[Activity]
The line with "Beachy head light", the line with "VEVOR Stadium Seat", and all lines between them in the material below: return these exactly, and no others.

[Records shown]
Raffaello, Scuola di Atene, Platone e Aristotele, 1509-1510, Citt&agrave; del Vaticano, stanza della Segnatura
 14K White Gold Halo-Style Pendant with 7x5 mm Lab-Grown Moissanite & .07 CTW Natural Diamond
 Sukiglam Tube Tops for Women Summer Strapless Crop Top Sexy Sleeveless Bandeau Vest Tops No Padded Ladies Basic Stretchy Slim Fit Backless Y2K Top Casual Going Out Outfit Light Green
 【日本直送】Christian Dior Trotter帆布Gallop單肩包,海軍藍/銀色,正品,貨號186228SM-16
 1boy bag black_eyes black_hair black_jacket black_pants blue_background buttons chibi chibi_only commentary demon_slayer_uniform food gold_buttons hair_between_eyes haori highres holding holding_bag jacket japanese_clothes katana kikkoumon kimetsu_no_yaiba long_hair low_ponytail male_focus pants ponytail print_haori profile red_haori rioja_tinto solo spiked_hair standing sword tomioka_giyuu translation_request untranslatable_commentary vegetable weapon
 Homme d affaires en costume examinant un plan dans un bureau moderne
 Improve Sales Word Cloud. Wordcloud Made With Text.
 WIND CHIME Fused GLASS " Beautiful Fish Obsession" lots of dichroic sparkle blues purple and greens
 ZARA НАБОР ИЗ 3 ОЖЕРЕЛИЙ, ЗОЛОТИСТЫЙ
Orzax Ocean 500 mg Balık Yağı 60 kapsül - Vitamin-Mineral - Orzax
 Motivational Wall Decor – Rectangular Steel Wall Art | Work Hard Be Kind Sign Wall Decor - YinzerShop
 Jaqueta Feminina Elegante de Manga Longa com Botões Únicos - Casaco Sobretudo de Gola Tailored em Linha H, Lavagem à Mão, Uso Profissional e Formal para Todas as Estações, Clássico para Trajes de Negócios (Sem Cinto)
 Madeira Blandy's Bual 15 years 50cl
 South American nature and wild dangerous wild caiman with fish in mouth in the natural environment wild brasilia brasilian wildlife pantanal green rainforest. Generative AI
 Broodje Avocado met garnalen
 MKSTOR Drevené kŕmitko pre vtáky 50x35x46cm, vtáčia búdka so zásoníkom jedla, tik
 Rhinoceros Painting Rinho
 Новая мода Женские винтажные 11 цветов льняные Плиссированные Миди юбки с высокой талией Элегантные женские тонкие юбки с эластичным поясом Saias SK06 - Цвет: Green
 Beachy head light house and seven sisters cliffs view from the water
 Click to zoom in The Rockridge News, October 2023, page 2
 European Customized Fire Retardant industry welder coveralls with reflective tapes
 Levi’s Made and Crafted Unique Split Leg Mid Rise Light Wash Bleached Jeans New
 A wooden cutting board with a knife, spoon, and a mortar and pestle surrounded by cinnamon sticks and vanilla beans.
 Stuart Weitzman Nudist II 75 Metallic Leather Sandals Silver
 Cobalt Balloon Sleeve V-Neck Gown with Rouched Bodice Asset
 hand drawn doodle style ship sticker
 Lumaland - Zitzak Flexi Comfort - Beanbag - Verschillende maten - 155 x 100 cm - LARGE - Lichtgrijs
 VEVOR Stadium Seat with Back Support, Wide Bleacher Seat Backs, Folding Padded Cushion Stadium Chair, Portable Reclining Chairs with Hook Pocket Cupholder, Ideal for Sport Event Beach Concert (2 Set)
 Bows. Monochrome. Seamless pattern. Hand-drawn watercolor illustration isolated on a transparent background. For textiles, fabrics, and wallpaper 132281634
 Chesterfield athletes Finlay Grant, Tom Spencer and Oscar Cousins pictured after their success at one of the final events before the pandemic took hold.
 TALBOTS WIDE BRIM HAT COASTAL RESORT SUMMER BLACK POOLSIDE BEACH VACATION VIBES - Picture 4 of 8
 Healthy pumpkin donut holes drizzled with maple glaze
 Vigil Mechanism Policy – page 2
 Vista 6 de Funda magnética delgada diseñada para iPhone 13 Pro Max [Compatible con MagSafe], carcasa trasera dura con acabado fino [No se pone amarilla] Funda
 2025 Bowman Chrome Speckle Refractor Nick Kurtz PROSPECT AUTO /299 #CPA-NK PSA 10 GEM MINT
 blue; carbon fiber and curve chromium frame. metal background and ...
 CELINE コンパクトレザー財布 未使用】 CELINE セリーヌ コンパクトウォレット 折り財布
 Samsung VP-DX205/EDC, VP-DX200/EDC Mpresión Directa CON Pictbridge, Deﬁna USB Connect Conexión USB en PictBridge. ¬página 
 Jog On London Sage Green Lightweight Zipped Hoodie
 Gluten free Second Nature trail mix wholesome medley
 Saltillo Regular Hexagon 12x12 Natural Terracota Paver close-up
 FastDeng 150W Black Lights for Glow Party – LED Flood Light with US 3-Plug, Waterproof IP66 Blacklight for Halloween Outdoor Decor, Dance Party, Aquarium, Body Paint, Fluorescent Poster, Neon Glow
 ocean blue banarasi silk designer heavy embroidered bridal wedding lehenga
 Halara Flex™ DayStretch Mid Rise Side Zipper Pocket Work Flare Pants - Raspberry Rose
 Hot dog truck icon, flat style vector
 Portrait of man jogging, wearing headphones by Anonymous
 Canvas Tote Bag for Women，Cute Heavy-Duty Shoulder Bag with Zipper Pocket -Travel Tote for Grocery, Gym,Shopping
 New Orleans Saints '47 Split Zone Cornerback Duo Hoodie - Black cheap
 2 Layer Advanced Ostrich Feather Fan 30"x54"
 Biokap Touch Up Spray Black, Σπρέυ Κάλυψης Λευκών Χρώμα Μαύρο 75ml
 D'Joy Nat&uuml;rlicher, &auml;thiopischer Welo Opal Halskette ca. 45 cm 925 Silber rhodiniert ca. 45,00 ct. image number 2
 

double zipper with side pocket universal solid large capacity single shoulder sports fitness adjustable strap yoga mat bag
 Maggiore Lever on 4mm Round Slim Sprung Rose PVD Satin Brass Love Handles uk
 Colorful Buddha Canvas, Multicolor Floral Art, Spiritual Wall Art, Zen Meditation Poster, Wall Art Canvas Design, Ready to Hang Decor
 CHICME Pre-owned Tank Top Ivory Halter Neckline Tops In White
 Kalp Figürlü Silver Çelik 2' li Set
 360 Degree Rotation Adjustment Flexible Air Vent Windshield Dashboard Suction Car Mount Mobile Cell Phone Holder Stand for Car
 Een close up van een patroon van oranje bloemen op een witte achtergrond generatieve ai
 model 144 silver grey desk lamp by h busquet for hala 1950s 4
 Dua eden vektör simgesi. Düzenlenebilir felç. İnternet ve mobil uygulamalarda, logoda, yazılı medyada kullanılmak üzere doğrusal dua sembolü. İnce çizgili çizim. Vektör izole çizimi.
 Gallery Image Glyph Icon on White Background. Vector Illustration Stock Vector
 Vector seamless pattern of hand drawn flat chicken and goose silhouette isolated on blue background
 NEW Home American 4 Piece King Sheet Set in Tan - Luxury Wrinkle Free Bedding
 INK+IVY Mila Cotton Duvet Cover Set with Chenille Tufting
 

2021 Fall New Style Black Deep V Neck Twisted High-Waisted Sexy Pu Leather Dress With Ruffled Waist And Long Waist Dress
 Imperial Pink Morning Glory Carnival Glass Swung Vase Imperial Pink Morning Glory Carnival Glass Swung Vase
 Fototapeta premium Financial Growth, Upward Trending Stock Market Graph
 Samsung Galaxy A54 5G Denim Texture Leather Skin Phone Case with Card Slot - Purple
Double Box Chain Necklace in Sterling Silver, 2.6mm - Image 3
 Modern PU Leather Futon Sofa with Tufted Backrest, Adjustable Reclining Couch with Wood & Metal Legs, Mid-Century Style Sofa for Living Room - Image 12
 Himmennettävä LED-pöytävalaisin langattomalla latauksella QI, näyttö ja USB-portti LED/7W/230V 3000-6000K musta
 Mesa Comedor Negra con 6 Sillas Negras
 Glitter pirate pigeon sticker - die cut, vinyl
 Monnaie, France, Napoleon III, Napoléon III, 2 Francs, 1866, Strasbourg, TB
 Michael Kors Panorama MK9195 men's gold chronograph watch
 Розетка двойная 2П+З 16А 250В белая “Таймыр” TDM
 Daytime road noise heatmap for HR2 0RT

[Output for this task]
 Beachy head light house and seven sisters cliffs view from the water
 Click to zoom in The Rockridge News, October 2023, page 2
 European Customized Fire Retardant industry welder coveralls with reflective tapes
 Levi’s Made and Crafted Unique Split Leg Mid Rise Light Wash Bleached Jeans New
 A wooden cutting board with a knife, spoon, and a mortar and pestle surrounded by cinnamon sticks and vanilla beans.
 Stuart Weitzman Nudist II 75 Metallic Leather Sandals Silver
 Cobalt Balloon Sleeve V-Neck Gown with Rouched Bodice Asset
 hand drawn doodle style ship sticker
 Lumaland - Zitzak Flexi Comfort - Beanbag - Verschillende maten - 155 x 100 cm - LARGE - Lichtgrijs
 VEVOR Stadium Seat with Back Support, Wide Bleacher Seat Backs, Folding Padded Cushion Stadium Chair, Portable Reclining Chairs with Hook Pocket Cupholder, Ideal for Sport Event Beach Concert (2 Set)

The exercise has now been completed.